Foyt gets mileage from team Indy: For 35 years, he would drive and often at a record pace. These days, A.J. is ushering along other drivers in his cars.

May 24, 1998|By Sandra McKee | Sandra McKee,SUN STAFF

INDIANAPOLIS XTC — INDIANAPOLIS -- A bouquet of purple irises, yellow roses and Texas bluebells sits on a cabinet in A. J. Foyt's garage, and the legendary driver bends to smell them.

"I don't know why people have this idea that I'm such a mean, tough guy," he said, his cheeks pink, his blue eyes twinkling like Old St. Nick. "I don't know where I got this bad reputation."

He could be enlightened. The way he used to close and lock his garage doors in Gasoline Alley. The way he used to stroll through the garages with a hip roll not unlike John Wayne's famous swagger. The way he used to dominate the field of 33 cars in the Indianapolis 500, becoming the first driver to win four of the events in 1977.

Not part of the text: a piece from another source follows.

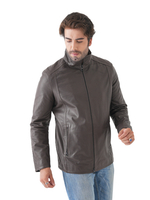 KHIMEONE Мужская кожаная демисезонная куртка (натуральная кожа, овчина)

Oh, yes, Foyt could be enlightened. How about the time he pulled into the pits, jumped from his car and began pounding his red racer with a hammer in pure frustration? Or just last year, when he cuffed Arie Luyendyk in victory lane at the Texas Motor Speedway?

"Well, sure, I'm hotheaded," he said, his gaze direct. "But that's what makes me a competitor. It's the extra fire you've got to have. If you don't have it, you don't win too much."

Today, Foyt's cars will be in their 40th straight Indianapolis 500. For the first 35 of those years, Foyt himself qualified and raced. But then age caught up, as it is wont to do, and now his drivers make the qualifying runs and race.

Today, for the first time since 1975, when Foyt qualified on the pole and finished third, a car of his will start from the pole and lead the field to the green flag at noon EDT.

In fact, Foyt's drivers have placed both his cars on the front row. Billy Boat has the inside pole. His speed of 223.503 mph set a record for a normally aspirated engine, the same kind found in most family cars. Foyt's other driver, Kenny Brack, is on the outside of the front row, having posted a speed of 220.982.

In between those two sits Greg Ray, whose speed of 221.125 mph was produced driving a Foyt-designed car from last year.

"It's like a storybook," said Foyt. "Both cars on the front row. Setting a qualifying record in midday, with the track temperature at about 140 degrees. Just a story you'd write, that even ends the way you dreamed it."

Foyt had been nervous on qualifying day. He had told his drivers: "Don't try too much, just get in the race. We can run from front or back, but we've got to get in the race first."

His drivers, Boat and Brack, both 32, are racing in only their second 500s. Both look at Foyt as a legend.

"You can't be in racing, any kind of racing, and not know A. J. Foyt," said Brack, a native of Sweden. "He can relate and understand everything, even before you tell him what you're feeling."

"When I was little, he was my idol," Boat said.

Foyt flashes an impish smile.

"Makes me feel old," he said. "Well, I guess I am, I'll be 54 next birthday."

He pauses. He looks around to see if he can get away with it. He can't.

"OK, but it's hard for me to believe I'll be 64 in January," he said. "What I really got a big kick out of this season is working them. I've had a happy life. It makes me feel good that I can do something for young guys like Billy and Kenny."

Foyt relates to both of them. Brack started racing at age 14 in go-carts and then moved on to Formula Fords. Boat came up the same way Foyt did, "the hard way," racing midgets on the U.S. Auto Club circuit.

"They're so young," Foyt said, thinking how they're half his age. "But when we tested, we knew we could run fast. Yet with the Menard cars, with all the money Menard spends, we knew we couldn't beat them."

And then Foyt laughs at the joke. His cars did beat Menard's. Hot shot Tony Stewart starts fourth, behind Boat, today, and Robby Buhl is fifth.

"It just shows, money can't buy everything," Foyt said. "Experience counts for something around here."

He thinks it is that very thing that keeps him coming back. No one can take anything for granted at Indianapolis. He remembers 1995, the year Roger Penske, with defending 500 winner Al Unser Jr. and past champion Emerson Fittipaldi, missed the race. Foyt admits if he had been in Las Vegas, he would have made a bet that that would never happen.

"I would have bet everything I own that that would never happen," he said. "But that's how it is at Indy. Just when you start to think you know everything, Indy teaches you that you don't."

Foyt has gone through drivers during his five years of pure team ownership, the way George Steinbrenner and Peter Angelos go through managers. And during the last few years, there has been little for the famous Texan to celebrate.

Still, he has not wavered in his dedication. In his garage, he can run down the list of drivers who have come and gone -- Robby Gordon, Davey Jones, Bryan Herta, Mike Groff, John Andretti, Davey Hamilton, Scott Sharp, Marco Greco, to name most of them.

But now, things have fallen into place. He seems happy with his drivers, with life. His cars are fast and, he believes, reliable. Did he just get smarter?